Decía que se moría, que se iba a morir de pena, y que si no, que se mataba; que su vida ya no tenía sentido. Le pregunté a gritos que qué pasaba, y me dijo cayendo al suelo que su novia le había dejado.
Entonces comprendí por qué estaba así; después de tanto tiempo….tantos momentos compartidos con otra persona….yo le envidiaba.
Pero en aquel momento…. Sinceramente, no me cambiaría por él. Nunca había comprendido ni sentido el dolor de otra persona como lo hacía en aquel momento, y precisamente aquello me hizo darme cuenta de que de verdad éramos buenos amigos; muy buenos; los mejores.
Intenté hablar con él, pero nunca había sido un buen comunicador; mis palabras salían forzadas; aquello de mostrar los sentimientos era muy difícil, y aquella era una situación muy crítica para debutar; demasiado.
No podía más; el día había sido muy duro y la noche lo estaba siendo más; ya no sabía que decirle, ni cómo decírselo.
Creo que de todo lo que se me pasó por la cabeza, le dije solo lo más sensato, midiendo mis palabras debido a lo exaltado que Sergio se encontraba.
No cedió ante ninguno de mis argumentos; no le tranquilizó ni uno solo de mis cumplidos, y a pesar de mi preocupación, me pudo el sueño, y me dormí.
Lo siguiente que recuerdo, para mi desgracia (Dios, nunca deseé tanto ser amnésico) fue un ruido de sirenas y un terrible ajetreo en la casa.
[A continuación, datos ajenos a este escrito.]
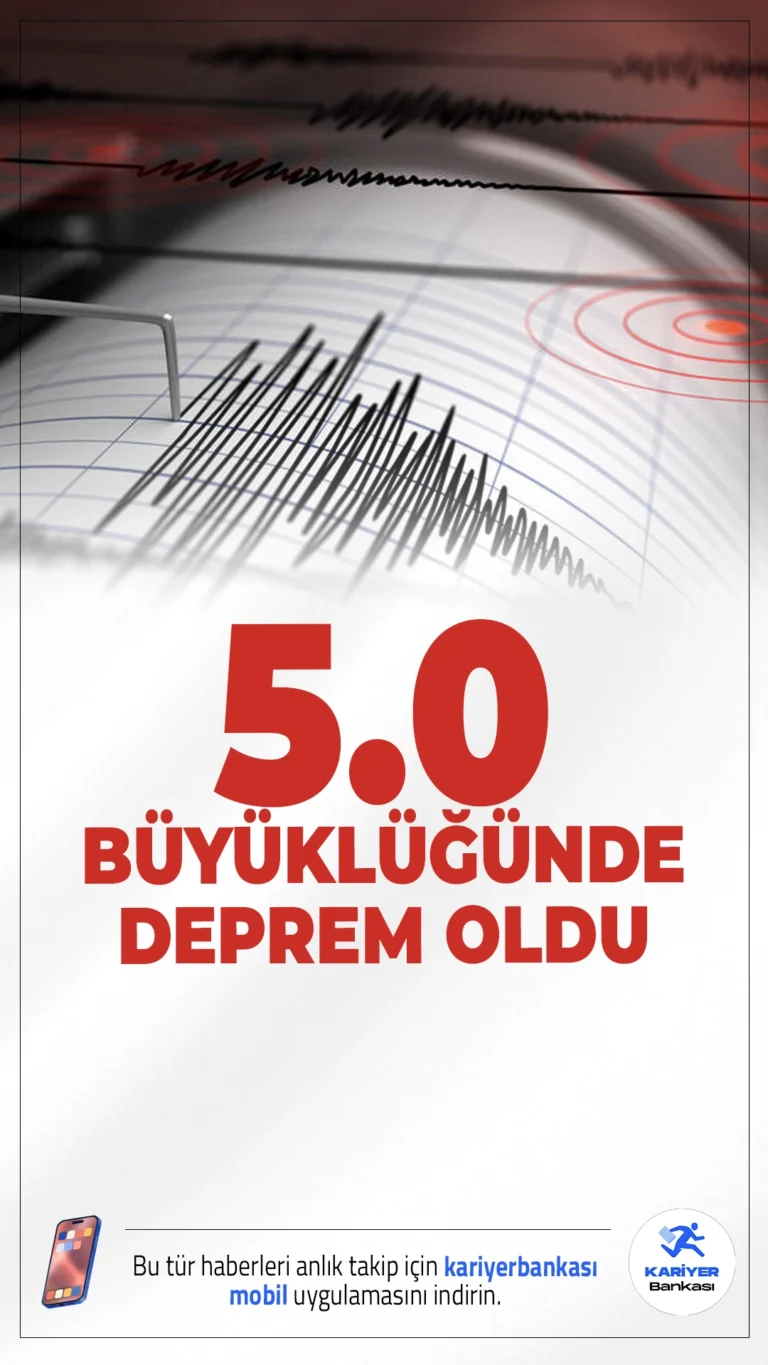 Tekirdağ'da 5.0 Büyülüğünde Deprem Oldu.Marmara Denizi açıklarında, Tekirdağ'ın Marmaraereğlisi ilçesine yakın bölgede 5.0 büyüklüğünde bir deprem yaşandı.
Me desperté con todos mis compañeros reprochándome mi descuido. No sabía aún que había pasado. Vi la ventana abierta de par en par, y no sé si fue telepatía o lógica pero lo entendí todo en un instante, en un maldito instante, y me eché a llorar.
No quise salir de casa; no sé que hicieron de mi amigo Sergio, solo sé que sentí que me quedaba solo, muy solo, llorando…
Me culpo ahora de no haber tenido agallas para asistir a su entierro; me costó dos meses poder ir a visitarlo al cementerio. Sigo hablando con él, a veces allí, otras veces en casa…siguen considerándome un loco aunque ahora por un motivo distinto.
Necesité mucha ayuda para salir adelante; perdí muchas clases, permaneciendo en mi habitación, culpándome por no haber sabido entender, comprender, ayudar…yo podía haber hecho algo, aunque aún no sé el qué. ¿Podía haberle salvado la vida? (siempre me repetiré esa pregunta).
Ahora estoy bien, dentro siempre de los límites de la lógica (algo que adoro aunque cada vez me falla más), pero no puedo evitar revivir aquel momento.
He comenzado la especialidad de la carrera: psicología; espero así poder ayudar a la gente con mi preparación; es el consuelo para olvidar que no pude ayudar a un amigo con el corazón.